Exercise prompt:
Leaving out every image, restate all the records word for word.

Recorded information:
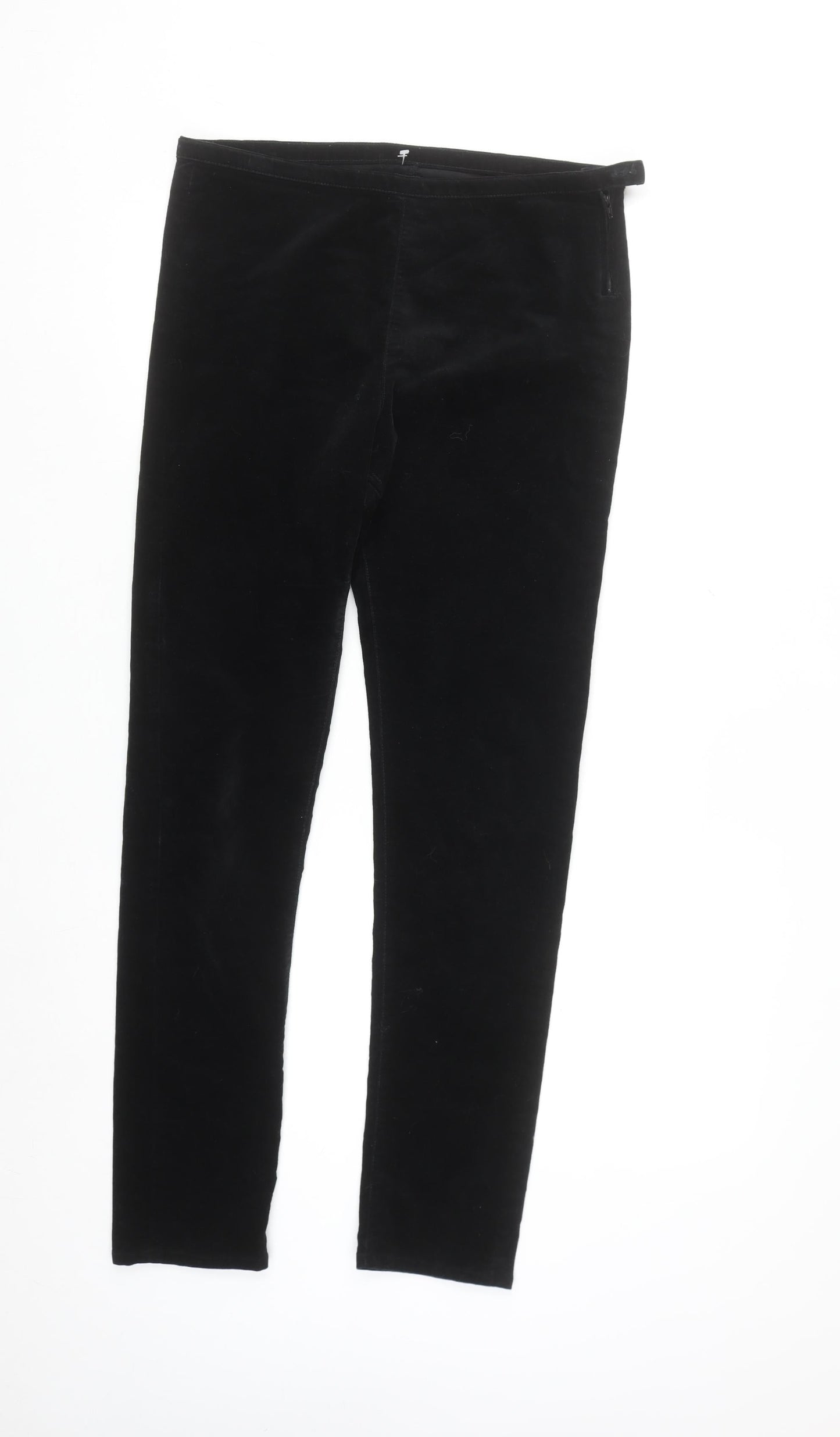 Marks and Spencer Women's Black Size 12 Velvet Slim Leggings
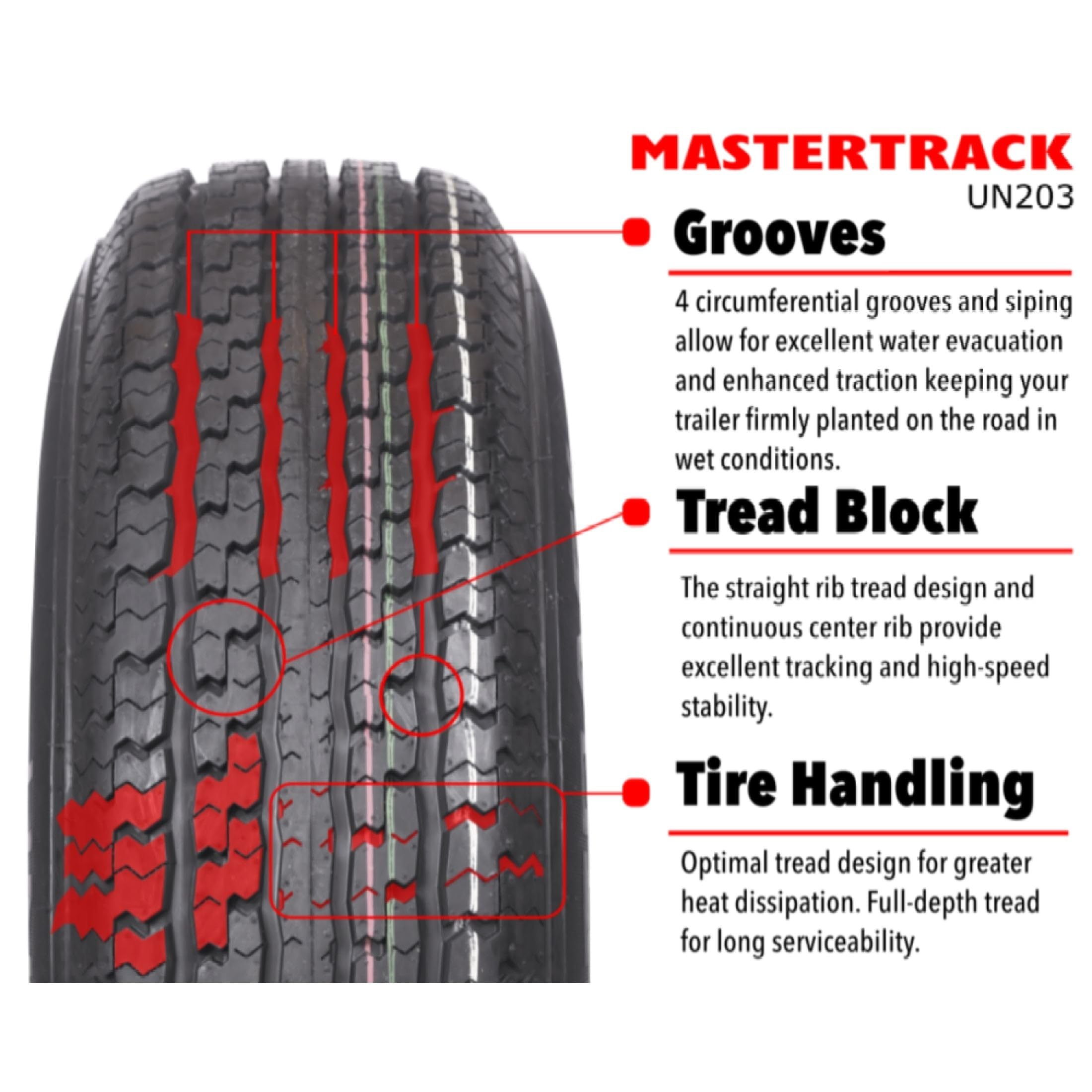 Mastertrack Un203 St205/75R15 8 Ply 107/102M Load Range D Radia Trailer Tire - St205/75/15(Tire Only)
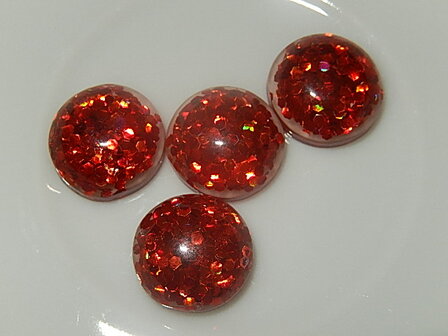 CBR111R12 Cabochon van kunsthars/resin met rode glitters rond 12 mm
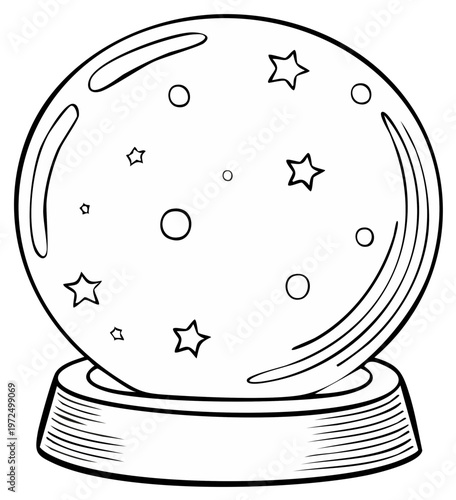 Crystal ball with stars and circles for fortune telling or predictions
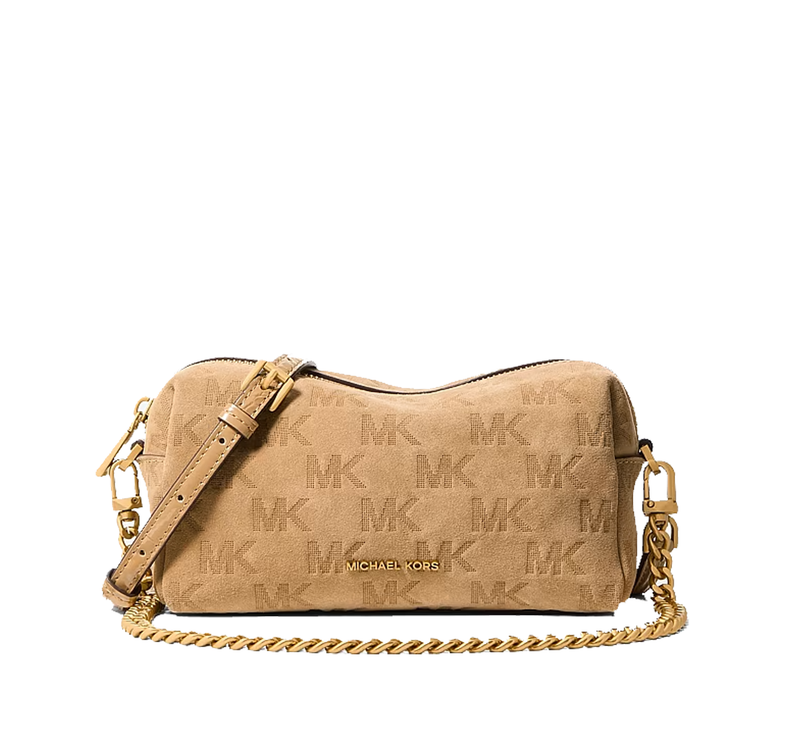 Michael Kors Women's Bryant Small Logo Embossed Suede Convertible Crossbody Bag Burnt Khaki/Gold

Response area:
 Marks and Spencer Women's Black Size 12 Velvet Slim Leggings
 Mastertrack Un203 St205/75R15 8 Ply 107/102M Load Range D Radia Trailer Tire - St205/75/15(Tire Only)
 CBR111R12 Cabochon van kunsthars/resin met rode glitters rond 12 mm
 Crystal ball with stars and circles for fortune telling or predictions
 Michael Kors Women's Bryant Small Logo Embossed Suede Convertible Crossbody Bag Burnt Khaki/Gold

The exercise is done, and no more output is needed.